Había figuras grises en el extremo opuesto. La pareja continuó corriendo, más allá de tapices tapados por polvo, y hacia otra habitación inmensa y antigua.
—Por los dioses, hay un dibujo de tres inmensas mujeres rosa con solamente... —empezó Lobsang, mientras era arrastrado.
—Preste atención, ¿quiere? ¡El camino hacia la puerta principal estaba allá atrás! ¡Este lugar está lleno de Auditores!
—¡Pero es sólo una vieja galería de arte! No hay nada para ellos aquí, ¿verdad?
Se detuvieron sobre las lajas de mármol. Una amplia escalera conducía al piso de arriba.
—Quedaremos atrapados allá arriba —dijo Lobsang.
—Hay balcones todo alrededor —dijo Susan—. ¡Vamos! —Lo arrastró escalera arriba y a través de un pasaje abovedado. Y se detuvo.
Las galerías tenían varias plantas de altura. En el primer piso, los visitantes podían mirar al de abajo. Y, en la habitación de abajo, los Auditores estaban muy ocupados.
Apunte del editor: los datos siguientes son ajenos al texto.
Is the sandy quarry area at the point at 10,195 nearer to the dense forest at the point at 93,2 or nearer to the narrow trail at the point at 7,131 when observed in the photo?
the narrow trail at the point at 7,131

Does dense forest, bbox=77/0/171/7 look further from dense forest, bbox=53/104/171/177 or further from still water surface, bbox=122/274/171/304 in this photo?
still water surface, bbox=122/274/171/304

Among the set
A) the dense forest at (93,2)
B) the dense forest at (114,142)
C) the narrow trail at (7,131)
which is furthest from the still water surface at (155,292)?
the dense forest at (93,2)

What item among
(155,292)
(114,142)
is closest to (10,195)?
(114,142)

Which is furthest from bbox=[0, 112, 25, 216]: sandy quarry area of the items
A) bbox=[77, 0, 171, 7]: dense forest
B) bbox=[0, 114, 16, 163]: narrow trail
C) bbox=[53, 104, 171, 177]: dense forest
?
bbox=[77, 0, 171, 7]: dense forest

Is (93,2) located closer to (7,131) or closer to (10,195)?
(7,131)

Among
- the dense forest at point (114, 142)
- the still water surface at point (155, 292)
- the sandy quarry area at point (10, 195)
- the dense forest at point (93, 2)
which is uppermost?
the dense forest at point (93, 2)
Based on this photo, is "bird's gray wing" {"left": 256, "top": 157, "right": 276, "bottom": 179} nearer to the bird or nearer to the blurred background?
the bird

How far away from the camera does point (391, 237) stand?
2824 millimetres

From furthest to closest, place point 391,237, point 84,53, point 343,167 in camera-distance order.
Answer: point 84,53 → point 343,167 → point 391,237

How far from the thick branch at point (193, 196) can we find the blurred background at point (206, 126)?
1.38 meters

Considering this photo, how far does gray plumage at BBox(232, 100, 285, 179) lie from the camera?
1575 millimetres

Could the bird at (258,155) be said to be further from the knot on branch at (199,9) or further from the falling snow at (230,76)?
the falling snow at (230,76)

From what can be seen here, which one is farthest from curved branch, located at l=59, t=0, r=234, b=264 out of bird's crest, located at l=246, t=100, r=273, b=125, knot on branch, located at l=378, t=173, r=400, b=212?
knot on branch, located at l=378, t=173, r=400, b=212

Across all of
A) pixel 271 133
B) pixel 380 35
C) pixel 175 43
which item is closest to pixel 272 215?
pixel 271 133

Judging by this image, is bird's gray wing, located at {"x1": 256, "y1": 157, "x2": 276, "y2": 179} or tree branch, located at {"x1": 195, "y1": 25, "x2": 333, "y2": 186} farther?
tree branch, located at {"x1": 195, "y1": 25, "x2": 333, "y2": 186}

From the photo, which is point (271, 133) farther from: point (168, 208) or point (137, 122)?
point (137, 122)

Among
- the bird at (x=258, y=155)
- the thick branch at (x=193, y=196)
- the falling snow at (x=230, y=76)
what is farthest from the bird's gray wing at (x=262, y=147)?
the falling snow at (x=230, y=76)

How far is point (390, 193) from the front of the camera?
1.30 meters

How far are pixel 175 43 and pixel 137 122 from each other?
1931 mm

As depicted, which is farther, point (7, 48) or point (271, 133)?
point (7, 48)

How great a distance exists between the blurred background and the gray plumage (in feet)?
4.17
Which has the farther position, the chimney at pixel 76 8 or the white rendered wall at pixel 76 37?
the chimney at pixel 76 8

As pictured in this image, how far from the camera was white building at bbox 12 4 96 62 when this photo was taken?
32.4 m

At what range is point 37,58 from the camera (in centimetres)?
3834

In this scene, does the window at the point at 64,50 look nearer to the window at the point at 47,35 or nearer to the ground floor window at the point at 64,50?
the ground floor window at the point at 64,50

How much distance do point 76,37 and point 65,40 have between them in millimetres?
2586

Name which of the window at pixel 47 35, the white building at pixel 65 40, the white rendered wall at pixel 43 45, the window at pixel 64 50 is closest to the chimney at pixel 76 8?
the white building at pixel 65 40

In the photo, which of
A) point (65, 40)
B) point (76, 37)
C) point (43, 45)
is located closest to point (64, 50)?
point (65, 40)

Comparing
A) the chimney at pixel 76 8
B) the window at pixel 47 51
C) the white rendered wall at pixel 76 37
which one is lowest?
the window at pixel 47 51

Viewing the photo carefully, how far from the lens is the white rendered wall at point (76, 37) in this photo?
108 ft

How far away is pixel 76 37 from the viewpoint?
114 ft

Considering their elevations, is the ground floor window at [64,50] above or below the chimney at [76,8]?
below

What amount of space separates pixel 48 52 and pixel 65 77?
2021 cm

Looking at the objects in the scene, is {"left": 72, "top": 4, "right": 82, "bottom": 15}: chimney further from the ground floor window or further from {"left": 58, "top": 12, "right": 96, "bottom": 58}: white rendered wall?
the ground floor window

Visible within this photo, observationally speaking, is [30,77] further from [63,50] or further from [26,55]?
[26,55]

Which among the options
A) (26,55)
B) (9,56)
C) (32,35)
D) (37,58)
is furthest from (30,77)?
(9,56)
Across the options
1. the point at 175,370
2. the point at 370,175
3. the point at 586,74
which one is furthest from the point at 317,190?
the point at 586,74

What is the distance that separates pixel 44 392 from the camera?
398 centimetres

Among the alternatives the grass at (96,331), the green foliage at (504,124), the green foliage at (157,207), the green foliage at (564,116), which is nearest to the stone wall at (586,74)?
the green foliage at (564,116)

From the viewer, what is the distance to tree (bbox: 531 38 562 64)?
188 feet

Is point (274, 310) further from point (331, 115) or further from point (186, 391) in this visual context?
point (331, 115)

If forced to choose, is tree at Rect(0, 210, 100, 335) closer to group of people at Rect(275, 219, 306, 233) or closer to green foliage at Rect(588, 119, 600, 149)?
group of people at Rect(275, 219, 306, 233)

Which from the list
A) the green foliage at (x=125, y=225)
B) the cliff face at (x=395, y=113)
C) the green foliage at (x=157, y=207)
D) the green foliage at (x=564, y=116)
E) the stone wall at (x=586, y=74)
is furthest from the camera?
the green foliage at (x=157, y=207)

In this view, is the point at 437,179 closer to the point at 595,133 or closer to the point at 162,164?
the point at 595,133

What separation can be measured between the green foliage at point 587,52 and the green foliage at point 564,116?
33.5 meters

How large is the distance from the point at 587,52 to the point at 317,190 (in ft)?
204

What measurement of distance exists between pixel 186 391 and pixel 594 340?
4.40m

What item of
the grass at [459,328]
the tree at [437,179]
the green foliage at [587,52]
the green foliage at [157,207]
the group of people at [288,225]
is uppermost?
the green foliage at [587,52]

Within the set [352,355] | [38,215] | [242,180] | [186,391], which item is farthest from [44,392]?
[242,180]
—¿Qué diablos están haciendo ahora? —susurró Lobsang.
—Creo —dijo Susan con gravedad—, que están apreciando el Arte.
La Srta. Mandarina estaba enojada. Su cuerpo le continuaba haciendo extrañas demandas, y el trabajo con el que se había comprometido estaba saliendo muy mal.
El marco de lo que había sido alguna vez Vagón Atorado En El Río, de Sir Robert Cuspidor, estaba apoyado contra una pared enfrente de ella. Estaba vacío. El lienzo desnudo estaba prolijamente enrollado a su lado. Enfrente del marco, cuidadosamente apilados por orden de tamaño, había un montón de pigmentos.